The High Court was asked to rule on two preliminary issues namely: (i) whether Rosneft was issue estopped by the decision of the Dutch courts from denying that the Russian courts’ setting aside of the awards was the result of a partial and dependent judicial process and (ii) whether Rosneft was entitled to rely on the act of state and non-justiciability doctrines. The High Court ruled in favour of Yukos Capital on both of the preliminary issues. Subsequently, Rosneft appealed that decision. The Court of Appeal upheld the appeal on the question of estoppel, but dismissed the appeal with respect to the question of the act of state and non-justiciability doctrines. In respect of the first question, the Court noted that the Dutch courts had treated the issue of recognition of the Russian courts’ setting aside of the awards as one of public order. In the Court’s view, the notion of “public order” was inevitably different in each country. In particular, it noted that the standards by which the courts of any particular country resolved the question of whether the courts of another country were “partial and dependent” might vary considerably. It concluded that in an English court, this question fell to be determined as a matter of English law. In respect of the second question, the Court reasoned that the act of state doctrine did not prevent an English court subject to the requirements of an international convention such as the NYC from examining whether a foreign court decision should be recognised or enforced. Therefore, the award was enforced despite being set aside by the Seat Court.
In this case, Malicorp was awarded a contract in 2000 by Egypt for the building of the Ras Sudr Airport on the basis of a “Build, Operate and Transfer” concession contract. In order to be selected, Malicorp took several measures which, after being selected, it decided to cancel. The Contract was signed in November 2000.
Starting in December 2000, Respondent notified Malicorp of its non-performance under the Contract including Claimant’s obligation to set up an Egyptian company within 90 days. In August 2001, Respondent terminated Malicorp’s contract for failure to perform its obligations. As a result, Malicorp filed for arbitration before the ICSID for compensation due to allegedly unfair treatment and expropriation amounting to a violation of the BIT. The Respondent, on the other hand, argued that the ICSID Tribunal lacked jurisdiction and that the Contract was validly terminated.
At the same time, the Claimant commenced arbitration before the Cairo Regional Centre for International Commercial Arbitration. This Tribunal ruled in favour of the Claimant and ordered the Respondent to pay the Claimant. Following this award, the Respondent applied to set this award aside in Egypt and the Claimant filed for enforcement of the award in France.

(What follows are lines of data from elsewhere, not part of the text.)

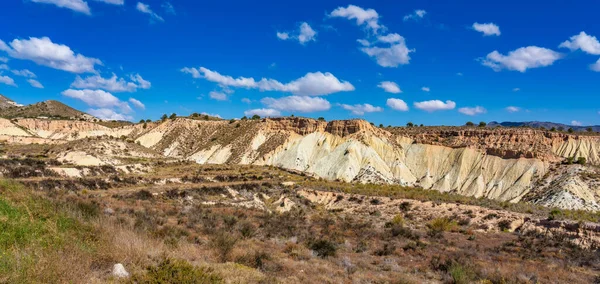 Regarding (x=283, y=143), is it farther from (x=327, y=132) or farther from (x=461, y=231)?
(x=461, y=231)

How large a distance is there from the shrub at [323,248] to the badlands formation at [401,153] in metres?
34.5

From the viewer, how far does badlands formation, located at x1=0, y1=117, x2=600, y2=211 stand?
47.2 m

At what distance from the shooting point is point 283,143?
2628 inches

In the seat court, the judge refused to enforce a Cairo Regional Centre for International Commercial Arbitration award even after it was set aside by a decision of the Cairo Court of Appeal in 2012 because it was opined that the award granted remedies on a basis that was neither pleaded nor argued. The Judge opted not to exercise his discretion under Section 103, Arbitration Act, 1996 to enforce the award in any event. Therefore, the court opined with the ICSID tribunal disabling Malicorp to recover from the Egyptian state.

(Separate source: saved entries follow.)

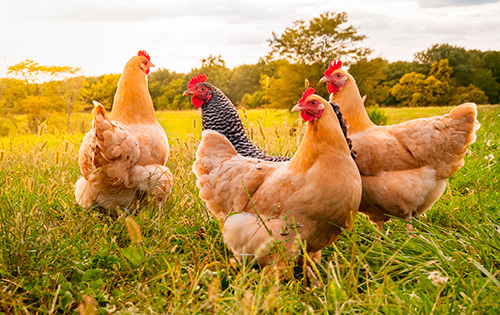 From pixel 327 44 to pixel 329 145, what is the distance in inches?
827

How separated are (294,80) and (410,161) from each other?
58.9ft

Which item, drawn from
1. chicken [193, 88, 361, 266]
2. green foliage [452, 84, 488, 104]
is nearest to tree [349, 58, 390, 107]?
green foliage [452, 84, 488, 104]

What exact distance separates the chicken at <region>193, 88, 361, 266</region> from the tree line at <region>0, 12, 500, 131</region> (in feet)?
25.2

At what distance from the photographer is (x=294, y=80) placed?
2116cm

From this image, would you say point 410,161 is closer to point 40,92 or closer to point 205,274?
point 205,274

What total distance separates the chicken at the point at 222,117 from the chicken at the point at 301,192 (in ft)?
2.31

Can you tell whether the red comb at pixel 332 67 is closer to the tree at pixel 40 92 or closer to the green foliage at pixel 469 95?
the tree at pixel 40 92

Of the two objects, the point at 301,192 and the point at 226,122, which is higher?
the point at 226,122

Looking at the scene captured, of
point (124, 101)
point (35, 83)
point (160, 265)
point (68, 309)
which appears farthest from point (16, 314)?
point (35, 83)

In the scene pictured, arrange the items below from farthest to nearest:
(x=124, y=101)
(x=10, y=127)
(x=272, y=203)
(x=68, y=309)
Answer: (x=10, y=127)
(x=124, y=101)
(x=272, y=203)
(x=68, y=309)

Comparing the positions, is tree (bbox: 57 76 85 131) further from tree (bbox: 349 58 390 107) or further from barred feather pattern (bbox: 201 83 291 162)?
tree (bbox: 349 58 390 107)

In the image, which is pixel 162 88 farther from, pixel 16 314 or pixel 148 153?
pixel 16 314

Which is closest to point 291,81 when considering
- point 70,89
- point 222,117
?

However, at the proceedings in French Courts, the question that the Court was confronted with was whether there was a violation of “public policy” in the enforcement of the award. As we know, the definition of public policy has really differed in each jurisdiction (discussed in detail later) and the French Court opined that the Award must be enforced because there was nothing in the adjudication of the dispute that defied tenets of public policy.